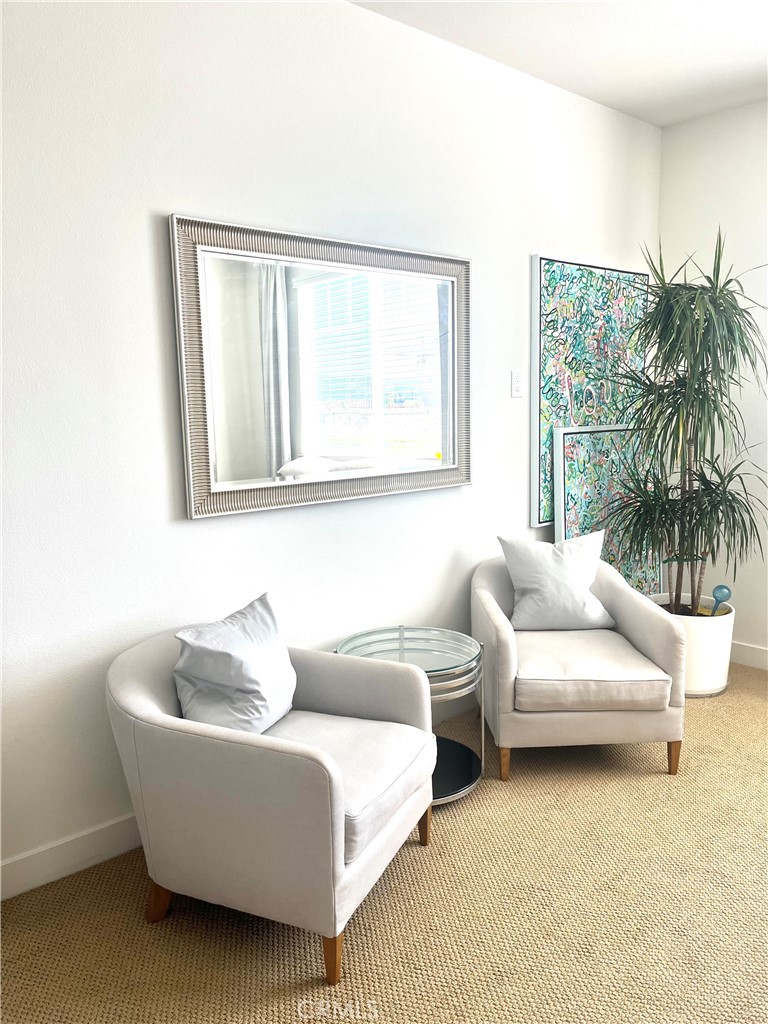 2870 Wagon Wheel Road, Unit 304 Oxnard, CA 93036 - Photo 8 of 31 Sitting Area in Master Suite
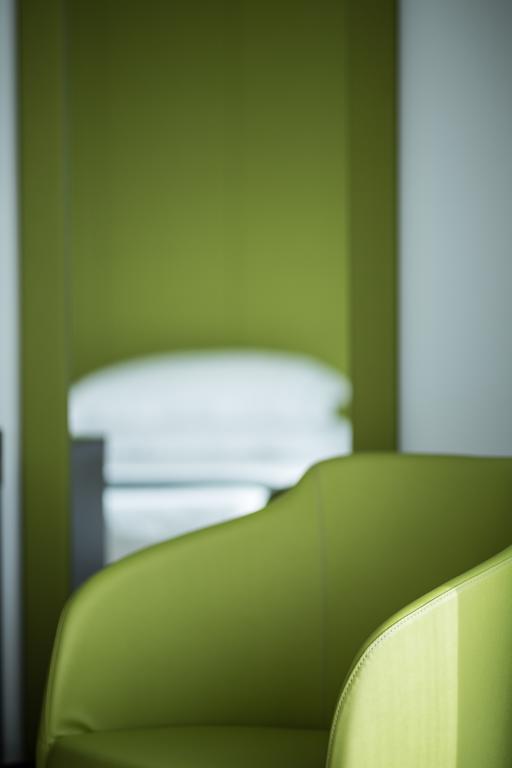 Superior Double Room Terrace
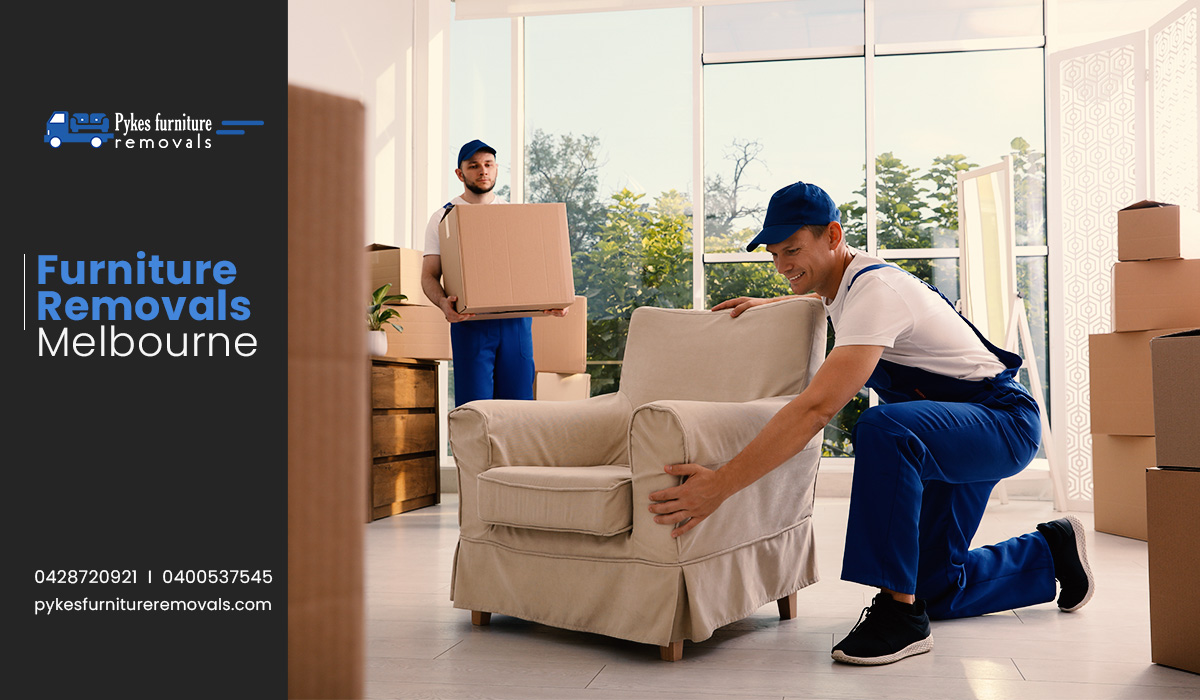 You are currently viewing Reasons to Hire Furniture Removals Services For Home & Offices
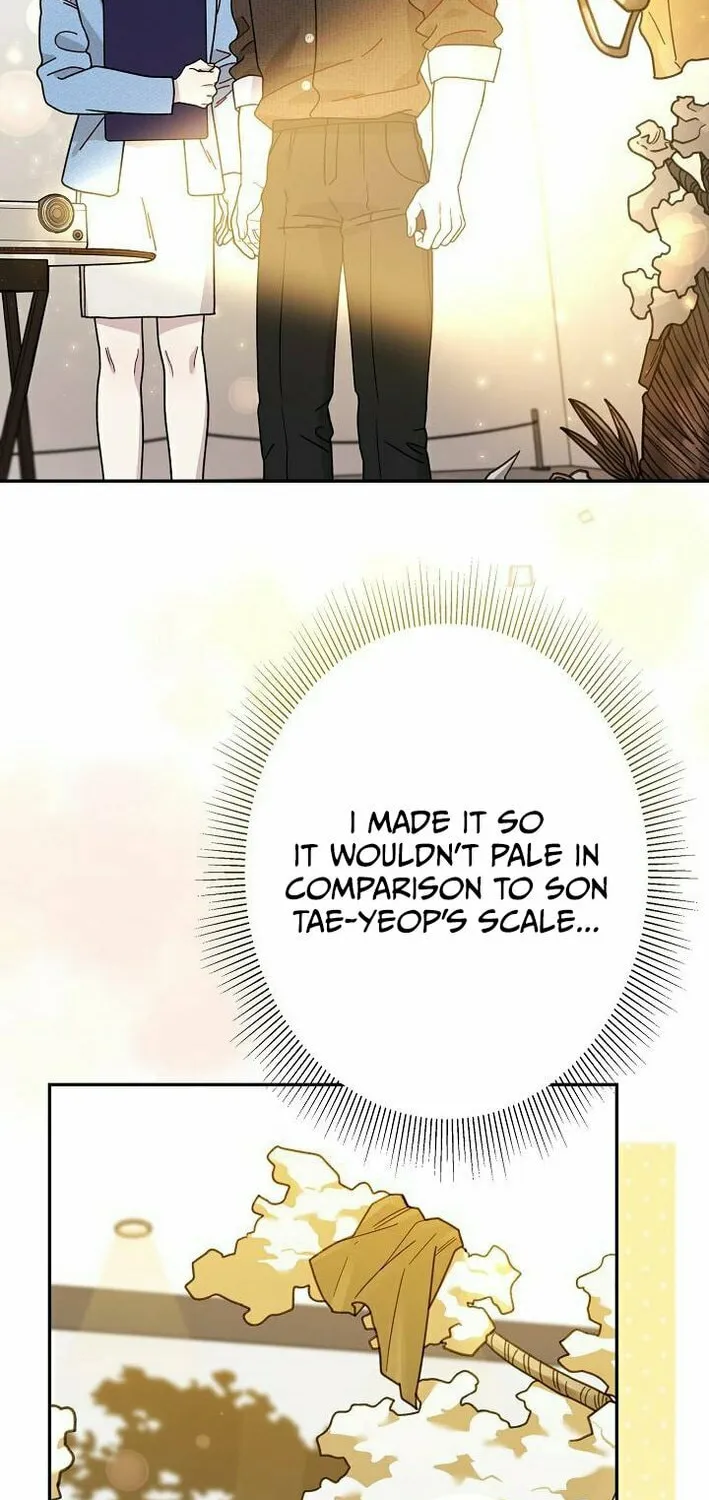 The Art Student Who Lived Twice Chapter 35 page 65 - 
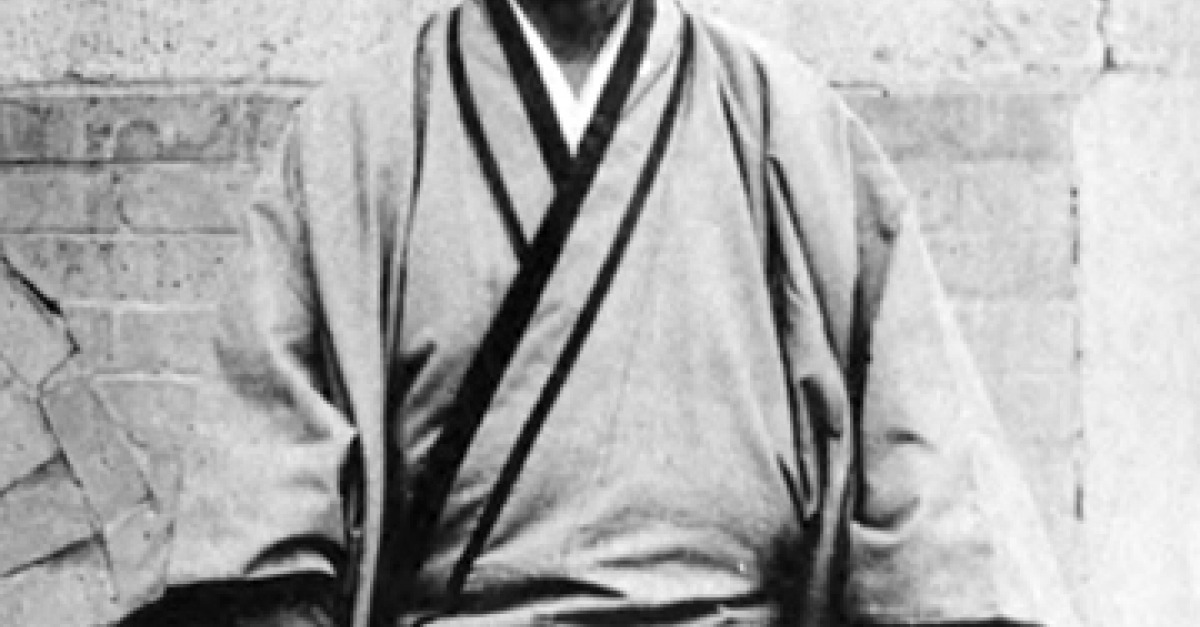 Okakura Kakuzō Lapham’s Quarterly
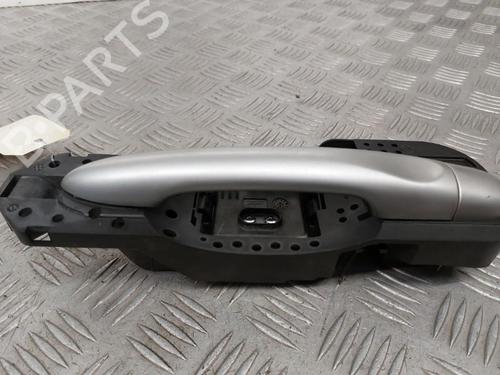 Used Rear right exterior door handle Rear right exterior door handle RENAULT GRAND SCÉNIC III (JZ0/1_) 1.9 dCi (JZ0J, JZ0N, JZ1K, JZ1S) (131 hp) 23659309 23659309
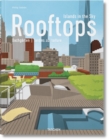 Rooftops. Islands in the Sky - Book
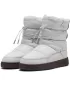 Ženski čevlji PUMA SNOWBAE WNS 39392006 PERESNO SIVA/PERESNO SIVA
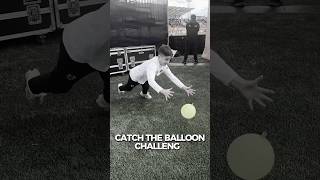 Download lagu ¿Conseguirán los chicos del VALENCIA atrapar el globo? 🎈🤣 mp3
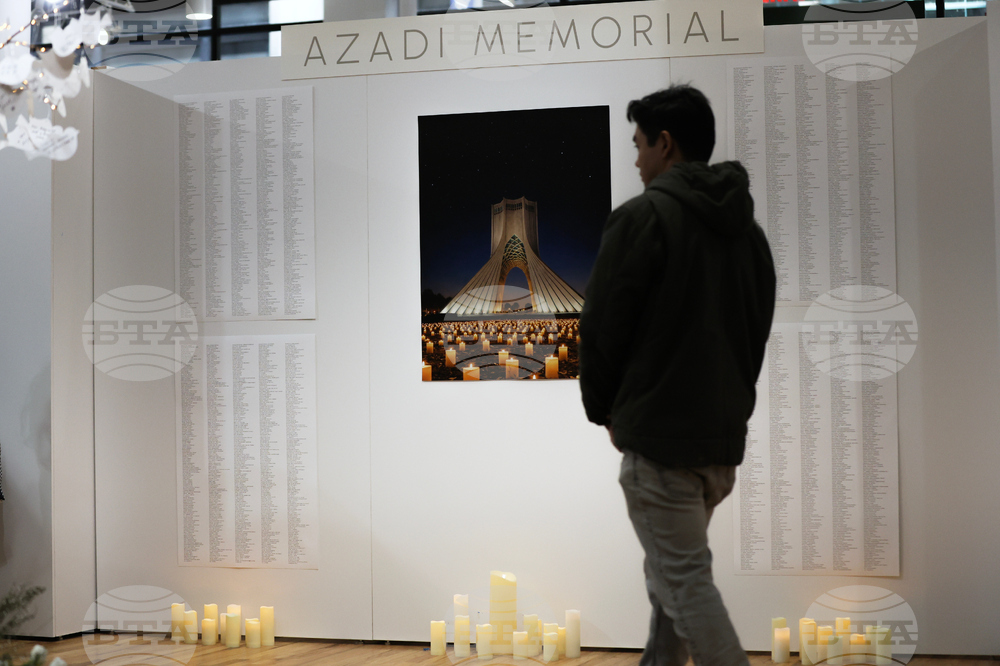 Iranian Americans-Nowruz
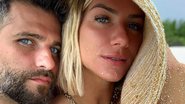 Bruno Gagliasso e Giovanna Ewbank - Reprodução/Instagram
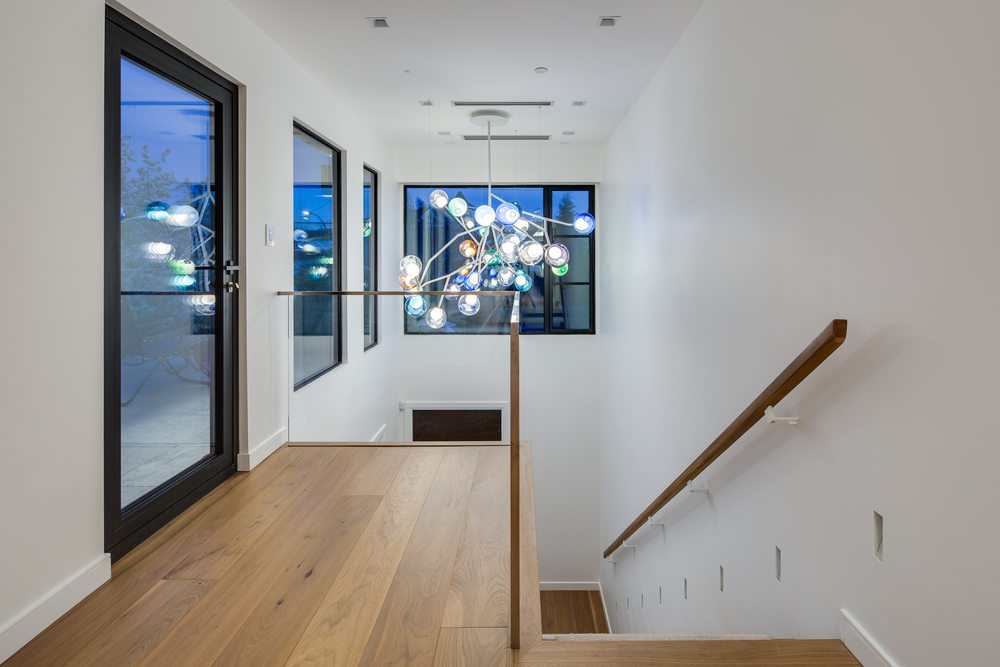 Point Grey Executive Home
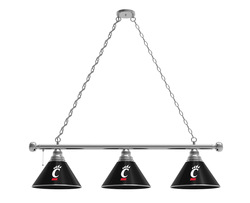 Cincinnati Billiard Light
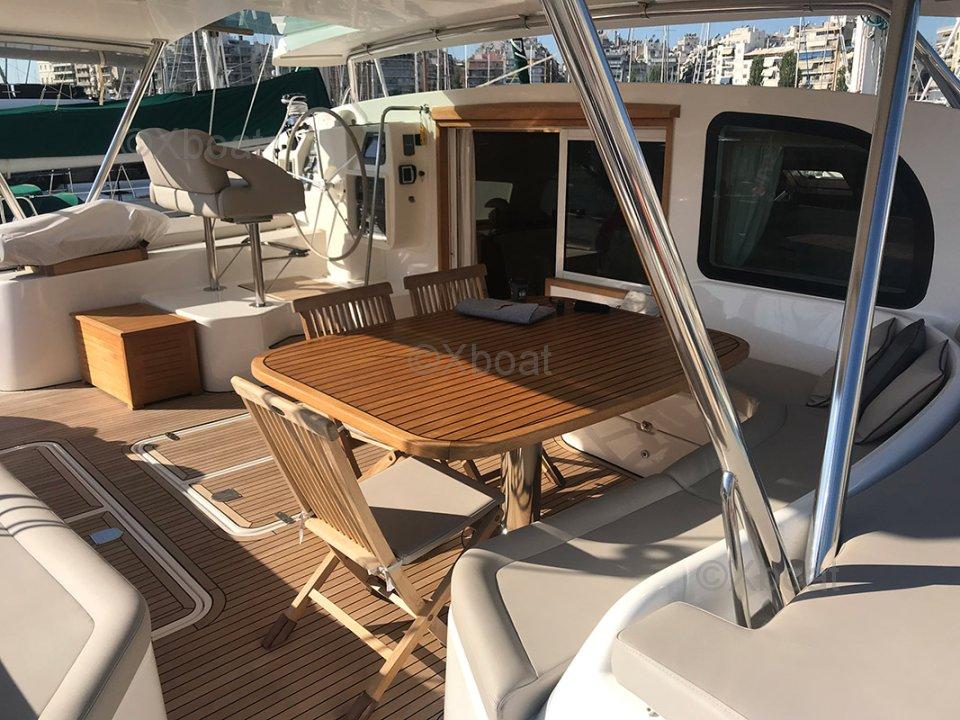 alliaura Privilege 585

**Task prompt:** The lines to repeat run from the line containing "Cincinnati Billiard Light" through the last line of the material above; give them exactly, without the pictures.

**Task answer:**
 Cincinnati Billiard Light
 alliaura Privilege 585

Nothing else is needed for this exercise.